The Minnesota Court of Appeals ruled Monday that the National Football League can ban off-duty officers from bringing guns into stadiums on game day.

But in sending the case back to Hennepin County District Court, the court also made it clear that it is leaving the door open for the ban to be overturned.

Minnesota is the first and only state in which the NFL’s 2013 ban has faced a legal challenge. The dispute began in February 2014, when two local law enforcement groups sued the NFL, saying they believe officers have the right to carry and that the public expects them to always be on duty, even at a sporting event.

The league lost round one when Hennepin County Judge Ivy Bernhardson ruled that a 2003 state law called the Citizens’ Personal Protection Act (PPA) requires the NFL to let off-duty officers carry handguns into games. The NFL had argued that the Legislature didn’t intend to require a private establishment to admit a peace officer or anyone else carrying a weapon.

The Appeals Court was asked to decide the narrow question of whether the NFL’s firearms ban violated the PPA.

The PPA’s main purpose was to change some wording with respect to permits to possess and carry firearms. The act significantly limits the rights and remedies of property owners who wish to exclude people from carrying firearms from their property, the ruling said. Peace officers are specifically excluded from the permitting requirements of the PPA.

The Appeals Court said that the district court erred when it concluded that the PPA prevents private-property owners from excluding armed off-duty officers. It said it seems unlikely that the Legislature would choose to restrict the rights of private-property owners to exclude a permit holder who is carrying a firearm, but not an off-duty peace officer who is carrying a firearm.
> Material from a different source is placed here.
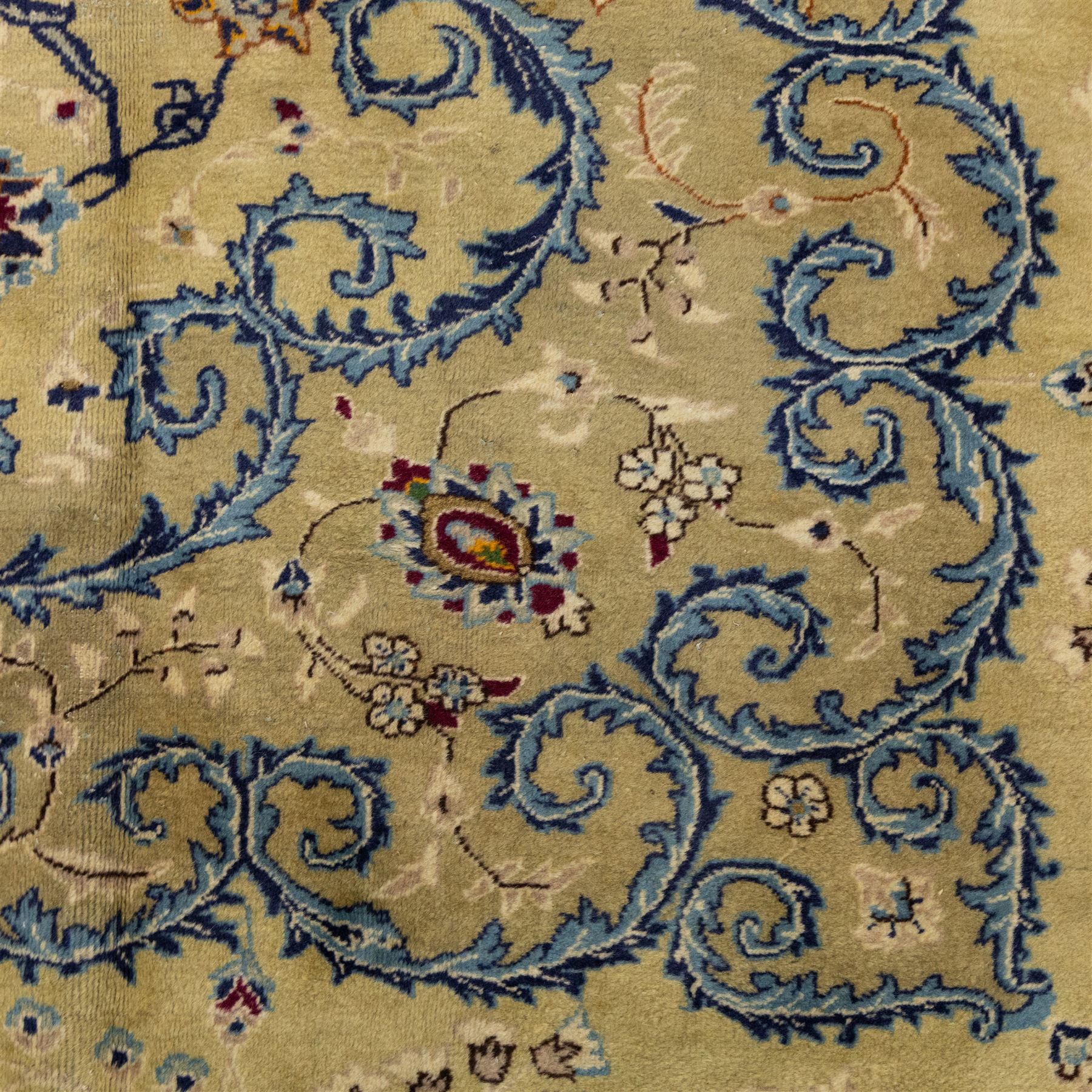 Central Persian Kashan hand-knotted carpet, ivory field with central shaped medallion, surrounded by intricate arrangement of scrolling vine and floral motifs in  pale blue tones, within conforming spandrels and matching border, cotton fringe ends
The filers of the lawsuit have argued that interpreting the PPA as applying to peace officers promotes an absurd result that the Legislature could not have intended.

Monday’s ruling shouldn’t be construed as the final word on the subject, the Appeals Court ruling cautioned. “We merely hold that any such right is not governed by the PPA,” the ruling said. “Other provisions of state or federal law may apply.”

The Vikings are in their second year of play at TCF Bank Stadium at the University of Minnesota. The team will play there this season, until its new Minneapolis facility opens for the 2016 season. Court rulings on the NFL’s gun ban are likely to apply to the new stadium.